[Items from a dataset]
★ ★ ★ ★ ★ ★ ★

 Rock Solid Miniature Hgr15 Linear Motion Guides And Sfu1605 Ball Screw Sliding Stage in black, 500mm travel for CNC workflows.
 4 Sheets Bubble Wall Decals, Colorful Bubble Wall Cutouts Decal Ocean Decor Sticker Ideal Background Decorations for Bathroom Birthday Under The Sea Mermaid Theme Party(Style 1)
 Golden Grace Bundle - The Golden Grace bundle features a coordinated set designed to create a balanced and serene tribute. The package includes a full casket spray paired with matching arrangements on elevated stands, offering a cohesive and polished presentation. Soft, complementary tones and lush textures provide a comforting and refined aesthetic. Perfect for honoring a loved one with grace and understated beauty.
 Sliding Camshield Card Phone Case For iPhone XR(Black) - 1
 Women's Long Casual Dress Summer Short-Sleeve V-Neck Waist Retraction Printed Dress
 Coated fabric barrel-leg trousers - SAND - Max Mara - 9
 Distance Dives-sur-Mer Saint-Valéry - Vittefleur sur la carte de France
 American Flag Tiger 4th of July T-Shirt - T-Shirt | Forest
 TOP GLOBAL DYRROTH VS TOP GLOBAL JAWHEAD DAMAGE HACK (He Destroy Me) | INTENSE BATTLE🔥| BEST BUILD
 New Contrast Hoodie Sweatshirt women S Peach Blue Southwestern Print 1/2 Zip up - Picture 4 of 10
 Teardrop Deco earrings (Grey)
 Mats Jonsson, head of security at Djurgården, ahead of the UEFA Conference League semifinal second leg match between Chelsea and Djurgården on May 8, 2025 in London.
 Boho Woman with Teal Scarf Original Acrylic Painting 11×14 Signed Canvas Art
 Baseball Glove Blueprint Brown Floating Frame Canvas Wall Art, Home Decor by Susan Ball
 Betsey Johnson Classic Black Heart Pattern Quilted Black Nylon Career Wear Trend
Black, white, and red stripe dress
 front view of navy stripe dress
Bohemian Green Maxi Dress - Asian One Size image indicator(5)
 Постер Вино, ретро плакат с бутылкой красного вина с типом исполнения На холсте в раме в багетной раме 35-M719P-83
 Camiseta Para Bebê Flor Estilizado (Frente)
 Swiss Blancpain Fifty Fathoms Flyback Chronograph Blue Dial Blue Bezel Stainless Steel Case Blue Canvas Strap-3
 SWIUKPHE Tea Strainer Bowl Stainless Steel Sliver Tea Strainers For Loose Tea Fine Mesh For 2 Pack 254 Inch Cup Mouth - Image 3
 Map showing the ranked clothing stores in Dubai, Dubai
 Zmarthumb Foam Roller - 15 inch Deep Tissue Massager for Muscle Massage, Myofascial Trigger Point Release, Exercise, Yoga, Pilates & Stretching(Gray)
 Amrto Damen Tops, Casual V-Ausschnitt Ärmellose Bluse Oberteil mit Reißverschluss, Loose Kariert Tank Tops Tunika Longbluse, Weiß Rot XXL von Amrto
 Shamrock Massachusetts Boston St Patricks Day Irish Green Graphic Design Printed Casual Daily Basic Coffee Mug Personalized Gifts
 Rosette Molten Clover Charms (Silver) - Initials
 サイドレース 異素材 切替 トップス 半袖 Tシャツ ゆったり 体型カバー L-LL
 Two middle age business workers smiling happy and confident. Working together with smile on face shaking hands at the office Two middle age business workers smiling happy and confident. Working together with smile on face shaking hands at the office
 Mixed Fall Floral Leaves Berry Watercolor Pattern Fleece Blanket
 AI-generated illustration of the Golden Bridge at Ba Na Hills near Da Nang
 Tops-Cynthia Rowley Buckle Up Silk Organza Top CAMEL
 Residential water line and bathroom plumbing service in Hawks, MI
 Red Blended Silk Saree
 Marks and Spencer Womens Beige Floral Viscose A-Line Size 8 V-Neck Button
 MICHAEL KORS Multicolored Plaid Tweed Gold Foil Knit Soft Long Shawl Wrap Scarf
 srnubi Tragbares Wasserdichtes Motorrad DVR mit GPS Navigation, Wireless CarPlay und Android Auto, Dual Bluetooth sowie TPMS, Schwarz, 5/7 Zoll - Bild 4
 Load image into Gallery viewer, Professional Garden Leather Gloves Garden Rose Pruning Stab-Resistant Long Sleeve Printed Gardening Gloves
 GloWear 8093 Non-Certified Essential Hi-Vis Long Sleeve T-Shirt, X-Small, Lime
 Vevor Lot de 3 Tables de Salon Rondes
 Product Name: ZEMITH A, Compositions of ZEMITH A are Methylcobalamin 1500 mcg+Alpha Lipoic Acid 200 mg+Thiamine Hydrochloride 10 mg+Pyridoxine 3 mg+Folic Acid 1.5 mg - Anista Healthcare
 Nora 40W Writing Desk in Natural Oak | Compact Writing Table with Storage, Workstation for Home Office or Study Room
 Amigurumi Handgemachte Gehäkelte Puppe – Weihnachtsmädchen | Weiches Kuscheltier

★ ★ ★ ★ ★ ★ ★

*REQUIREMENT*. Could you retype exactly the lines above, starting at the line that contains "Boho Woman with" and ending at the line that contains "サイドレース 異素材 切替 トップス 半袖 Tシャツ ゆったり 体型カバー L-LL", and nothing more?

*RESULT FOR THIS EXERCISE*.
 Boho Woman with Teal Scarf Original Acrylic Painting 11×14 Signed Canvas Art
 Baseball Glove Blueprint Brown Floating Frame Canvas Wall Art, Home Decor by Susan Ball
 Betsey Johnson Classic Black Heart Pattern Quilted Black Nylon Career Wear Trend
Black, white, and red stripe dress
 front view of navy stripe dress
Bohemian Green Maxi Dress - Asian One Size image indicator(5)
 Постер Вино, ретро плакат с бутылкой красного вина с типом исполнения На холсте в раме в багетной раме 35-M719P-83
 Camiseta Para Bebê Flor Estilizado (Frente)
 Swiss Blancpain Fifty Fathoms Flyback Chronograph Blue Dial Blue Bezel Stainless Steel Case Blue Canvas Strap-3
 SWIUKPHE Tea Strainer Bowl Stainless Steel Sliver Tea Strainers For Loose Tea Fine Mesh For 2 Pack 254 Inch Cup Mouth - Image 3
 Map showing the ranked clothing stores in Dubai, Dubai
 Zmarthumb Foam Roller - 15 inch Deep Tissue Massager for Muscle Massage, Myofascial Trigger Point Release, Exercise, Yoga, Pilates & Stretching(Gray)
 Amrto Damen Tops, Casual V-Ausschnitt Ärmellose Bluse Oberteil mit Reißverschluss, Loose Kariert Tank Tops Tunika Longbluse, Weiß Rot XXL von Amrto
 Shamrock Massachusetts Boston St Patricks Day Irish Green Graphic Design Printed Casual Daily Basic Coffee Mug Personalized Gifts
 Rosette Molten Clover Charms (Silver) - Initials
 サイドレース 異素材 切替 トップス 半袖 Tシャツ ゆったり 体型カバー L-LL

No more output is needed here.